• [Task item]: With the pictures left aside, write out exactly the lines of the listing below from the line with "Top Executives and" to the line with "20.000 de profesori, la", both included, and only those.

• [Data shown]:
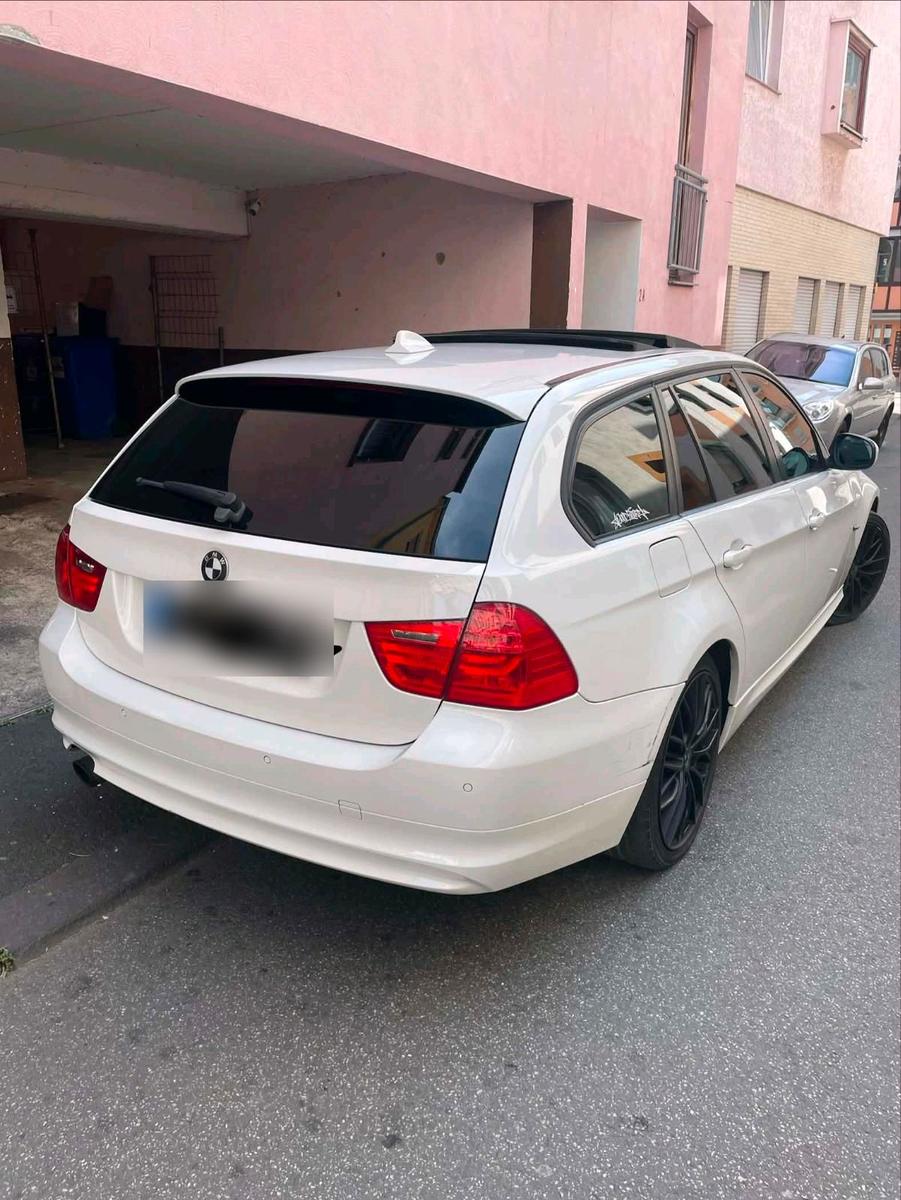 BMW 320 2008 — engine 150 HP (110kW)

--

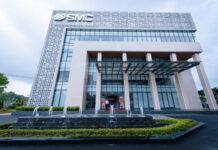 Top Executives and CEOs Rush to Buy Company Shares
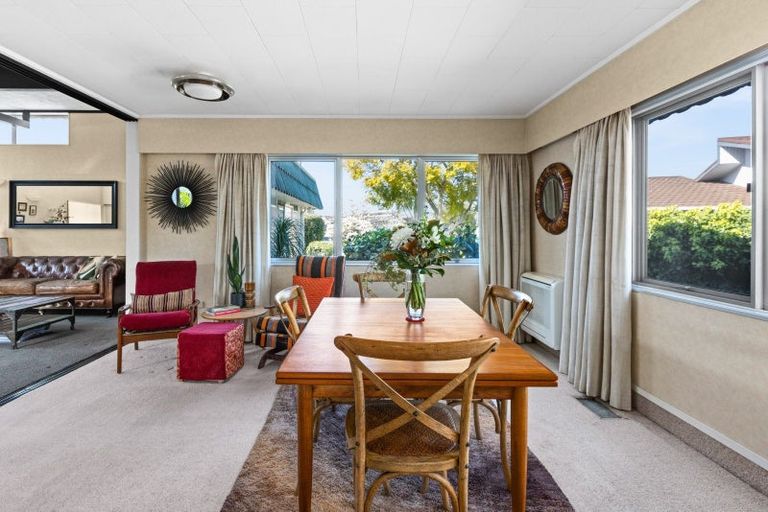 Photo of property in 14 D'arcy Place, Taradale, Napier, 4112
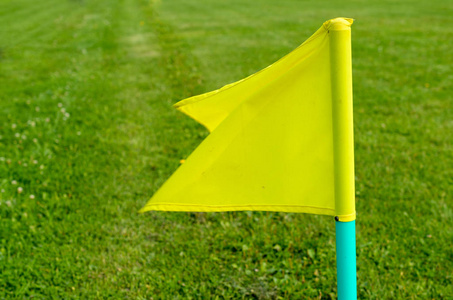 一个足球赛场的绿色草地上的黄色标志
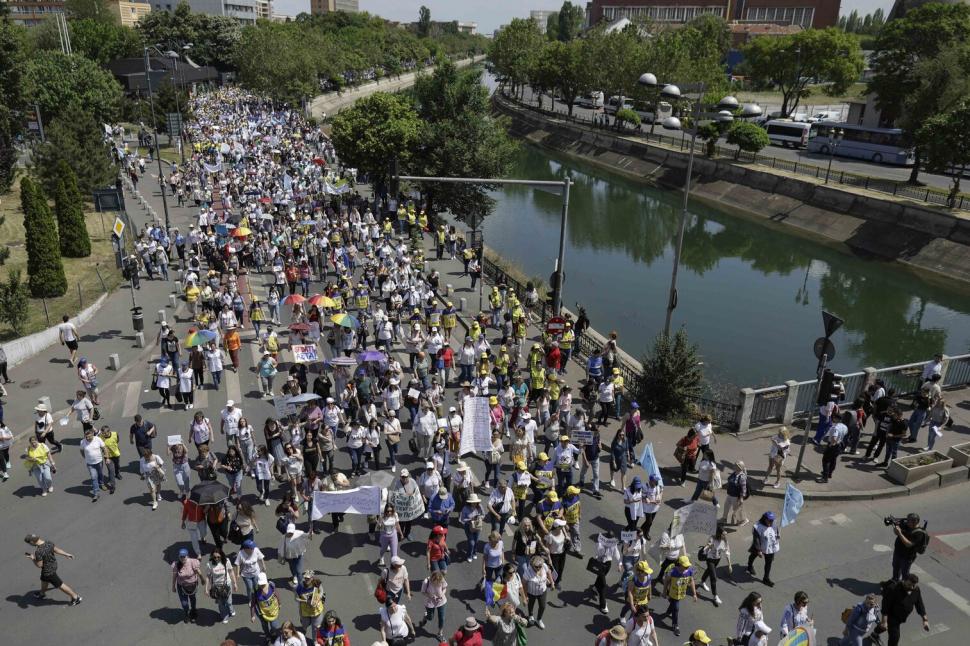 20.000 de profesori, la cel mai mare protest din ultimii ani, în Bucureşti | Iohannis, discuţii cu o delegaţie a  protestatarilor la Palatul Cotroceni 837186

• [Finished task]:
 Top Executives and CEOs Rush to Buy Company Shares
 Photo of property in 14 D'arcy Place, Taradale, Napier, 4112
 一个足球赛场的绿色草地上的黄色标志
 20.000 de profesori, la cel mai mare protest din ultimii ani, în Bucureşti | Iohannis, discuţii cu o delegaţie a  protestatarilor la Palatul Cotroceni 837186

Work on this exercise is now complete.